An edited version of the film was later used in evidence against Andrews. There is some sound, but only at the start, and the timings at the bottom of the screen appear to be out of sequence in places.

Before taking her to a cell, Andrews shouts from behind his desk: ‘Oh shut up. Listen to me. You are in my custody now and you will be quiet and you will listen. Do you understand?’

Ms Somerville admits shouting at the officer, but only because he would not explain why she had been arrested. She was then taken to a cell. ‘I was starting to become very frightened by then,’ she said.

Later that morning, police eventually called paramedics who took Ms Somerville to the Royal United Hospital in Bath.

‘I can remember trying to explain to the paramedics that I didn’t understand why I was there,’ she said. ‘When they saw blood coming from my mouth, they put the sirens on and I was taken straight into A&E. I thought to myself, “This is it, Pam. You’re going to die.” I was still concussed.’

During the several hours she spent in hospital she was kept in handcuffs and accompanied by two police officers, despite protests from nurses.

‘The officers at the hospital wouldn’t let me call my partner, or anyone. I said it was my right and they replied that it might be like that on American TV programmes but not here.’

After the gash above her eyes was stitched and her head X-rayed, she was driven back to the police station.

‘My eye was still bleeding and one of the officers told me off because he would have to clean the blood off the back seat of the car,’ she said.

Soon after returning, at 6.45pm, she was charged with failing to provide a specimen of breath and released on bail. Officers told her she would have to take a taxi home but when she started vomiting outside the station, they called an ambulance and she was taken back to hospital.

Her partner John, who still thought she was staying at her daughter’s, was eventually told about her whereabouts by a community policeman, who told him she had been arrested and was injured. ‘John burst into tears when he saw me at the hospital covered in blood with my eye closed and swollen,’ Ms Somerville said.

At his Wiltshire home yesterday, Sgt Andrews declined to comment.
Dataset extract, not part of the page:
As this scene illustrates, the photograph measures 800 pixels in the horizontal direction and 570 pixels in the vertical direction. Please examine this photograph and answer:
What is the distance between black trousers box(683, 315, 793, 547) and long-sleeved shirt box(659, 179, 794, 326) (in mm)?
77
He sped off in a Honda Civic, the hood of his anorak pulled tightly around his face.

In a statement, Assistant Chief Constable Patrick Geenty said: ‘The court has heard from a number of witnesses in connection with an incident within the custody suite at Melksham police station two years ago which resulted in a 57-year-old woman sustaining an injury to her head.

‘We are very concerned when anyone is injured while in our custody and the court has decided that this injury was as a result of a criminal assault by Sgt Mark Andrews, a member of Wiltshire Police who was performing duty as a custody sergeant at the time.
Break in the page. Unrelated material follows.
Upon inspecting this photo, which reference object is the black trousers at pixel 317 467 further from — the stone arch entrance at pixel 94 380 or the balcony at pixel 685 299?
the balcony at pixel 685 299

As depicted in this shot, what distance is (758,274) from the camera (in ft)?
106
‘We respect the decision of the court and the force has formally apologised to the injured lady for the assault she suffered while in our care.

'The incident was reported by another police officer within the custody centre who was concerned at what had taken place.
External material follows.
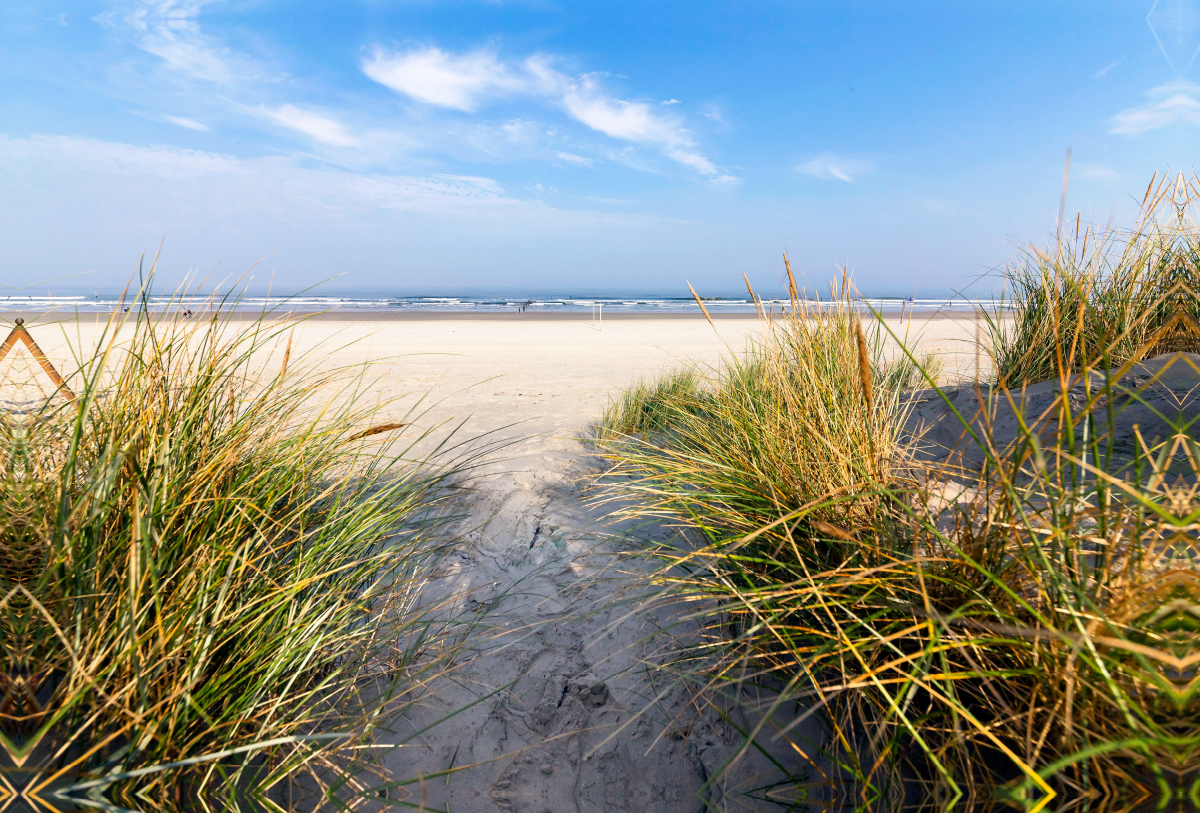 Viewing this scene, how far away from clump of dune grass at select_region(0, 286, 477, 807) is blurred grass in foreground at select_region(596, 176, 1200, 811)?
862 mm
'The officer found herself in a very difficult situation created by her own supervisor but performed her duty to the highest standards in bringing this unacceptable incident to the attention of another supervisor.

‘As soon as the incident was brought to attention, the officer concerned was removed from public-facing duties and the incident was voluntarily referred to the Independent Police Complaints Commission who decided they would be satisfied with a local investigation by the force itself. 'This investigation resulted in a file being sent to the CPS which led to the trial of Sgt Andrews.

‘The public have a right to expect that the police will always act with their safety and welfare as their first priority. 'This is especially so when in police custody and considerable effort and importance is placed on ensuring that processes, systems, training and staff attitude is directed towards facing up to that responsibility.

‘Some 16,000 people a year are dealt with in police custody centres in Wiltshire and the public will understand that this environment is a very difficult one with hostility, conflict, violence towards staff and unpredictability.

'That does not excuse any unacceptable or unlawful behaviour by police officers or staff but it is important to put this difficult job into context.